WASHINGTON (CN) – The Trump administration rejected a coal company’s request to invoke a little-used authority to stop coal-fired power plants from closing.
The request was made by coal magnate Robert Murray, of the Murray Energy Corporation, according to letters obtained by the Associated Press. Those reports say Murray believed received promises from President Trump in July and again earlier this month that the Energy Department would issue an order granting relief from an Obama-era rule that impose strict environmental standards on the facilities.
Murray argued that by invoking its authority to void the rules, the Trump administration would have saved jobs by preventing the plants from closing.
But over the weekend, the DOE informed Murray it had decided not to take action.
In a statement released Sunday, DOE spokeswoman Shaylyn Hynes said the decision was made in consultation with the White House.
“We look at the facts of each issue and consider the authorities we have to address them, but with respect to this particular case at this particular time, the White House and the Department of Energy are in agreement that the evidence does not warrant the use of this emergency authority,” she said.
When reached on Tuesday, a representative of Murray Energy declined comment.
Michael Brune, executive director at the Sierra Club, said via email on Tuesday that the rejection of the Massey’s request may have showed some cracks in the administration’s façade.
“What’s clear from this news is that Trump is telling coal communities and even coal executive he will do things he cannot do, like bring back the coal industry as the nation’s unstoppable shift to clean energy continues,” Brune said. “Our grassroots movement has been successful in working with utilities, communities and decision makers all over the country as they choose to retire almost half of the nation’s old, dirty coal plants because they are far too expensive to operate and make people sick. If Trump chose to issue this illegal and dangerous directive, he would have lost badly in the court of law and public opinion.”
Brune went on to say that as the cost of harnessing renewable resources like wind and solar continues to fall, rejecting those alternatives to coal will only grow more difficult.

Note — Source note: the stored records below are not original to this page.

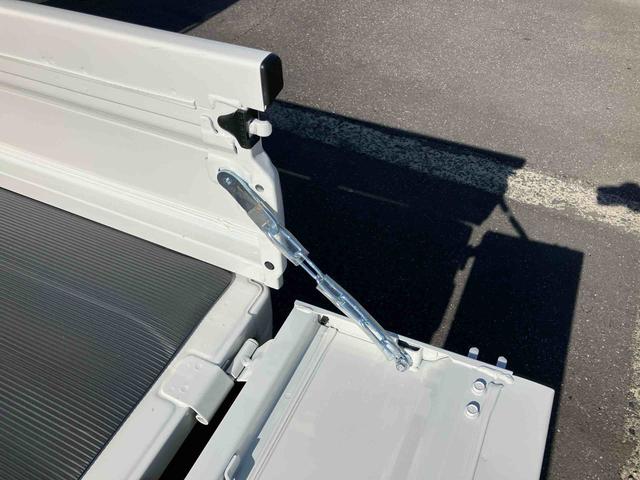 ハイゼットトラックエクストラ４ＷＤ　ＣＶＴ　荷台三方開　リヤ４枚リーフ　ＬＥＤ荷台作業灯　リヤデフロック　バッテリーカバー　ハロゲンヘッドランプ　大型ヘッドレスト　サイドレバー駐車ブレーキ　アシストグリップ　衝突被害軽減ブレーキ（千葉県）の中古車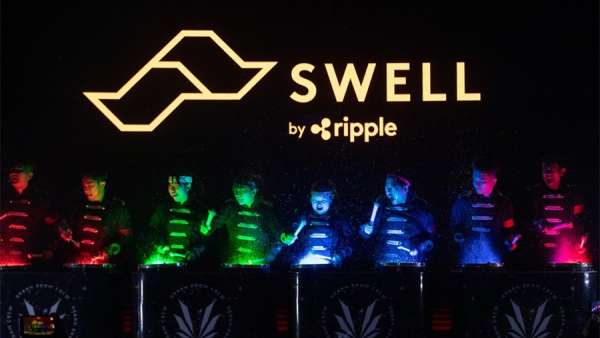 金融技術會議活動創(chuàng)新布景居然是舞臺側面的兩組巨大的折紙紙鶴窗簾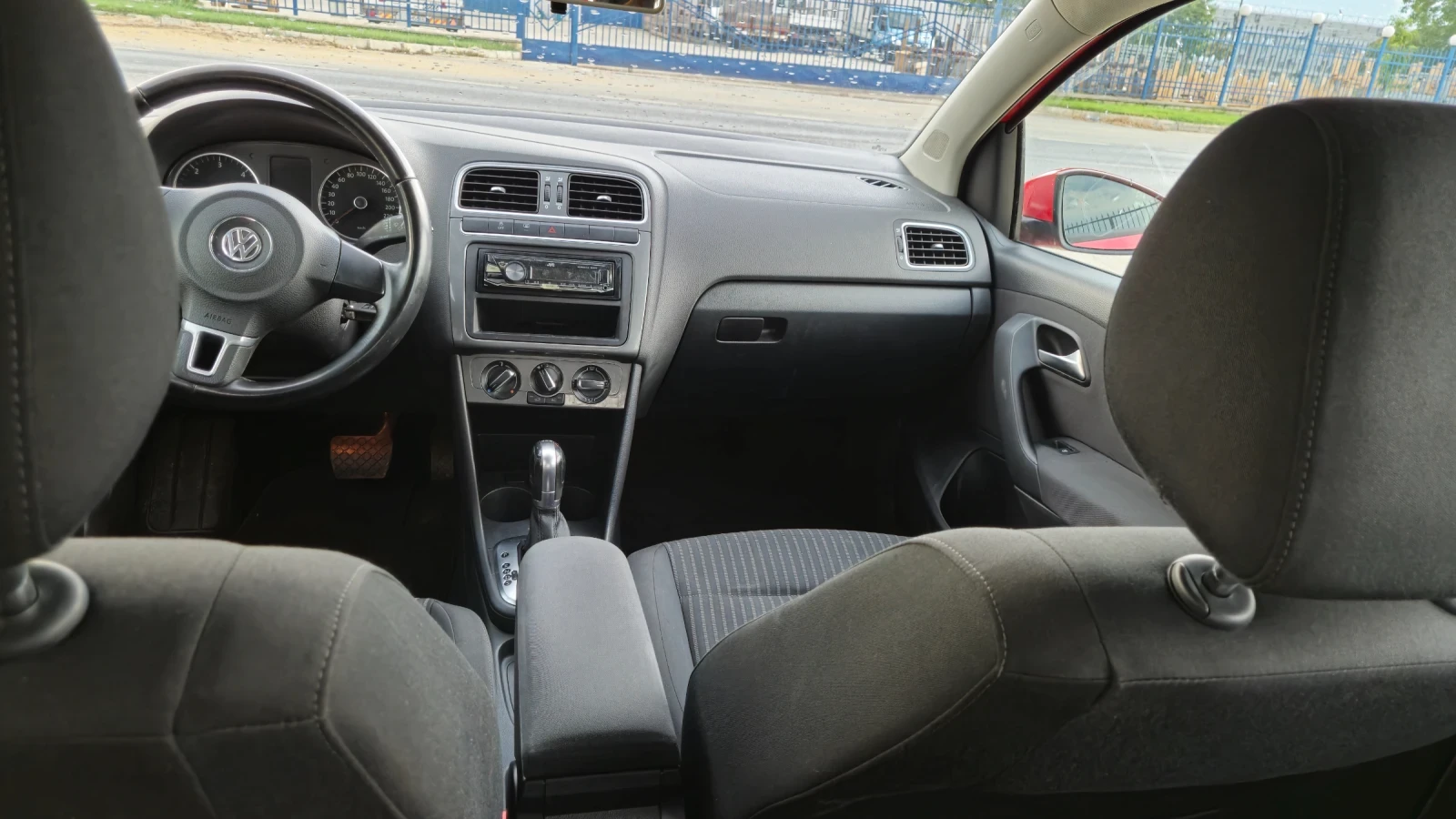 VW Polo 1.6 - изображение 10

“Every indicator shows that we are moving toward affordable cleaner energy sources like wind and solar that can create family-sustaining jobs all over the country,” he said. “This story also underscores why our nation should prioritize diversifying the economies in coal communities, rather than putting our head in the sand and planning a future around false promises of a coal revival. The sooner politicians are honest about that, the better.”